Different strains of pot are displayed for sale at a marijuana dispensary in Denver in 2013. (Brennan Linsley / Associated Press)
Different strains of pot are displayed for sale at a marijuana dispensary in Denver in 2013. (Brennan Linsley / Associated Press)

A chance meeting with the governor of Colorado has left California Senate leader Kevin de León  (D-Los Angeles) with concerns about an initiative that would legalize the recreational use of marijuana in this state, he said Wednesday.

“I’m not there yet,” De León told reporters when asked his position on Proposition 64. “I don’t know if I am behind the times in comparison to other folks, but I still have my concerns.”

De León said that on a flight back from last month's Democratic National Convention in Philadelphia he was seated next to Gov. John Hickenlooper of Colorado and the two had a long discussion about the effect of a pot legalization measure approved in that state. The governor had opposed legalization, and said last year that his state's decision to approve it in 2012 was a "bad idea."

 Hickenlooper has since softened his position, saying the regulatory system "might work."

“We had a very comprehensive conversation," De León told reporters during a Capitol press briefing. "I still have my concerns."

He said he worries that the recreational pot being sold these days is much more potent, leading to a spike in emergency room visits in other states. He also is concerned about the sale of pot edibles in the forms of gummy bears and other candy that might attract minors.

“These are real-life consequences,” he said.

Jason Kinney, a spokesman for the Proposition 64 campaign, said it specifically prohibits making edibles “designed to be appealing to children or easily confused with commercially sold candy."

Addressing other bills on vices, De León said Wednesday that he is in no hurry to approve the legalization of Internet poker and fantasy sports sites in California. A poker bill is pending in the Assembly.

A bill allowing fantasy sports websites missed a key deadline for approval by a policy committee, according to Dan Reeves, the chief of staff for De León.

“The author pulled the bill from a hearing so technically it’s dead,” Reeves told reporters.

Assemblyman Adam Gray (D-Merced) could still revive the bill this year, Reeves noted.

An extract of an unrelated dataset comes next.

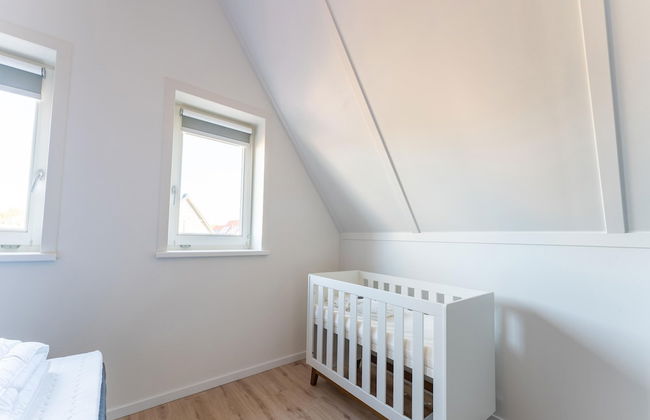 House Near Scherpenisse Beach With Garden - Foto 11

Trent Hager, a chief of staff for Gray, said in a statement that the Internet poker bill will be brought up on the Assembly floor Monday "and we will continue to work to move both consumer protection pieces forward."

Asked if he wants to put a regulatory system in place to allow fantasy sports games, De León said he was "not in a rush for anything.” He made the same comment on the Internet poker bill.

Meanwhile, De León said that if the Legislature is unable to come up with a deal to finance transportation needs by the end of the regular session on Aug. 31, the matter could be taken up after that date in a special session called by the governor.